At the midpoint the Regalias impresses me still. Mid tobacco dominates, with an occasional cocoa bitterness, some coffee bean. The burn remains as if cut by laser, and despite my inattention no relights have been required. I am drinking my pilsners as fast as I pour them to mitigate their rapid warming in the summer sun, and I find myself slurring to my companions about what fleeting thought my boorish mind came across. I recline under the gaze of Mr G and suck deeply on my Regalias. The draw catches the back of my throat and I make a grotesque, open-mawed gag to rid the smoke from my windpipe, noting undertones of burnt vanilla against increasingly bitter bean, before I wash it away with a large swig of tepid beer. I turn to Dayu and ask the question he knows has been smarting the tip of my tongue since we sat down. Dayu smiles. "Yuri's good, man. She's still waiting for you". I grimace, and peel away the wrapper that is starting to fray at the foot of my cigar. That wasn't what I wanted to hear.


Unfortunately I'd been to Osaka before, so the museums and other sights were directly competing with the many tiny bars that litter the Sinshaibashi district in which I was staying. I boozed. I mourned my clearly dying relationship back home. And I steeled myself against the temptation presented by Yuri.
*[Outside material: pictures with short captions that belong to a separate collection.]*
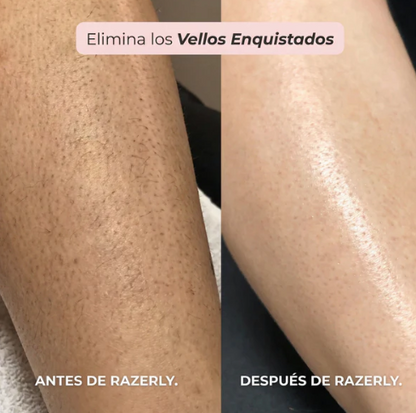 MAQUINILLA CORPORAL 2 EN 1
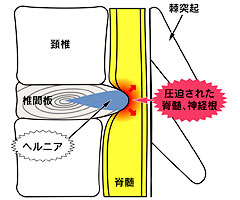 頚椎椎間板ヘルニア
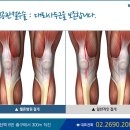 무릎 인공관절수술과 재활운동 이미지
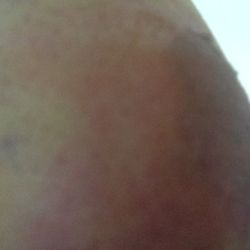 Plano Orthopedic & Sports Medicine Center - Bubbly burned elbow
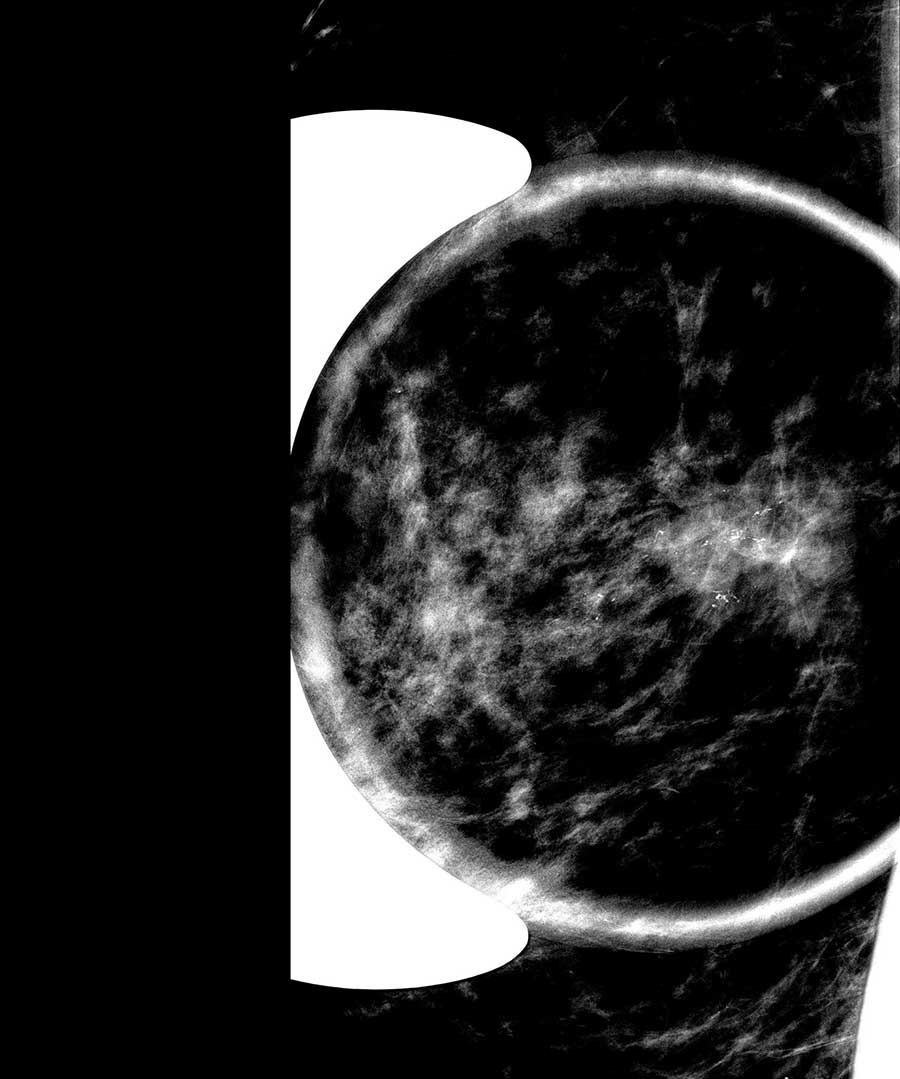 Memede şüpheli mikrokalsifikasyonların (kireçlenmeler) büyütme mamografisi ile incelenmesi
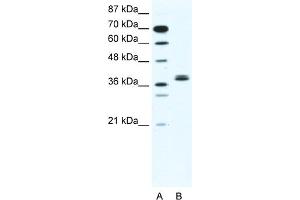 WB Suggested Anti-BHLHB5 Antibody   Titration: 2. (BHLHE22 Antikörper  (N-Term))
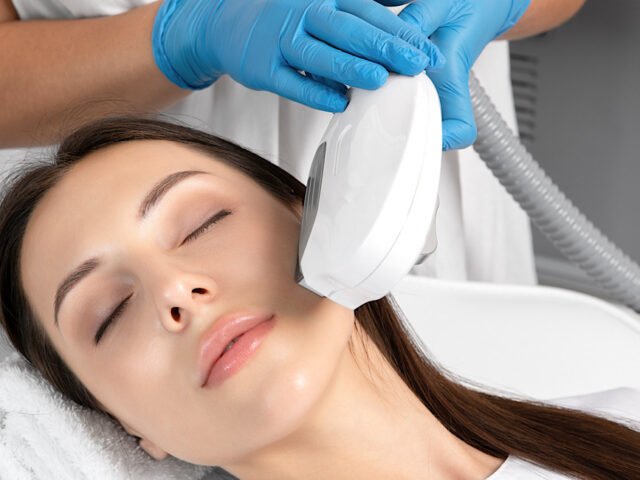 How IPL Therapy Helps Reduce Rosacea Symptoms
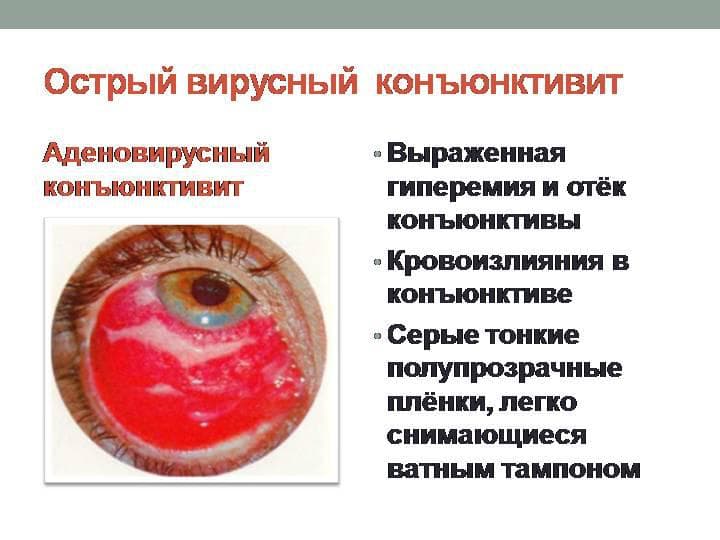 симптомы вирусного конъюнктивита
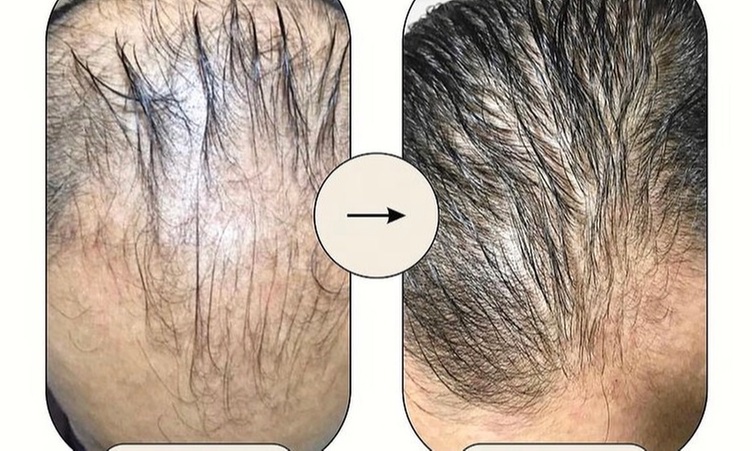 Hair Restoration - Non-Surgical at Vistoso Medical Spa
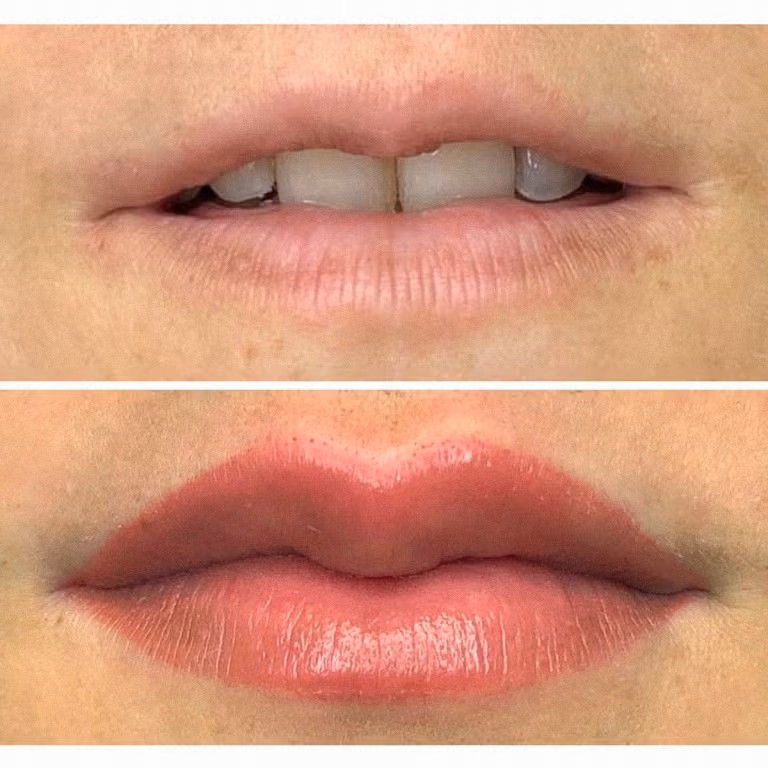Antes y después de micropigmentación de labios
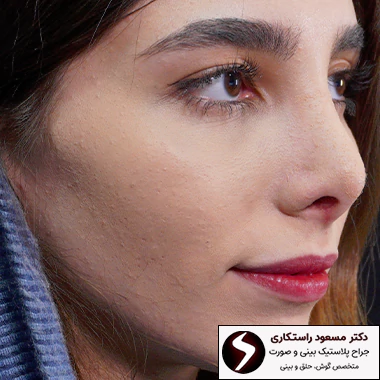 بعد از جراحی بینی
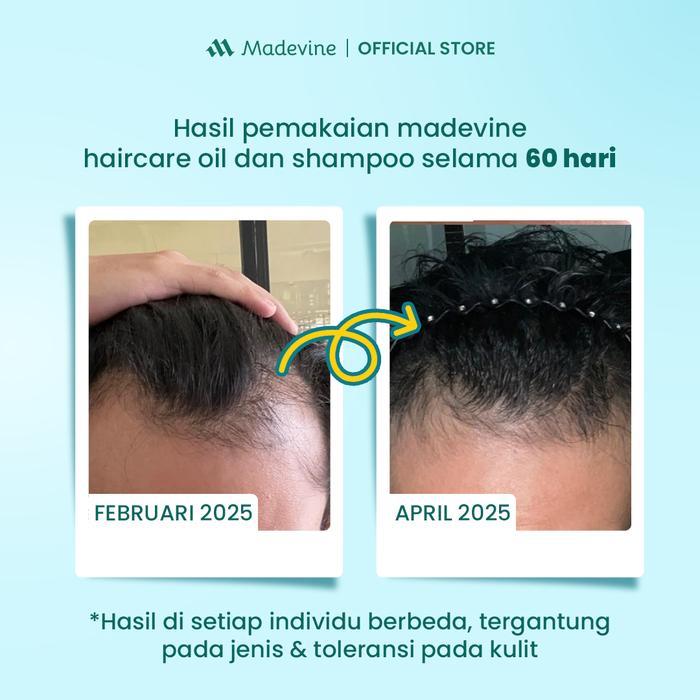 Madevine Hair Oil + Madevine Shampoo - Serum Dan Shampoo Bantu Atasi Penumbuh Rambut, Rambut Rontok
Her every grab of my arm, her flirting in broken English, her eyes that widened and sucked in my very soul when something caught her interest, all bolstered my resolve. I knew it was all pretend. I knew there was no real interest on her part, and I was still madly longing for my relationship back in Melbourne to regain its spark. In a desperate effort to make her dislike me I showed her the tattoo adorning my back, which is a giant and accurate depiction of the Fat Man atomic bomb as it hurtles toward a tiny outline of the Japanese islands. She recoiled with a hurt look on her face then, realising I'd realised my mistake, smiled and cocked her head and pointed toward my drink. She rubbed my back as I drank deep from my umpteenth beer of the day, wretched and repentant and, under her tiny hand, absolved. I returned to Melbourne the next day, uncorrupted by the flesh, but with megatons weighting on my slumped shoulders.

It has been many months since I last smoked, and the nicotine is causing my temples to throb while the alcohol, having long since loosened my lips, makes me press Dayu for photos, text messages, anything that might let me relive the dream state that was my time with Yuri. I reflect now on the willpower I showed in not once pursing her, making a move on her, or succumbing to her seduction. But willpower is easy. We demonstrate willpower daily by not yelling at strangers, or pushing people onto train tracks, or punching our bosses. True strength of character is surely in being able to let go of what one cannot, should not, have. Years have passed and I'm still the obsessed creature I was, sucking down beer while sabotaging my own happiness, this time by fuelling my obsession, rather than quashing my interest. The H. Upmann Regalias has been a fine accompaniment to this jumble of feelings, this menagerie of emotions, this hodgepodge of homologues. I grasp the nub between my rat nippers and suck until the wrapper finally disintegrates, a scoundrel clinging to the only pleasures left in a feebly lived life.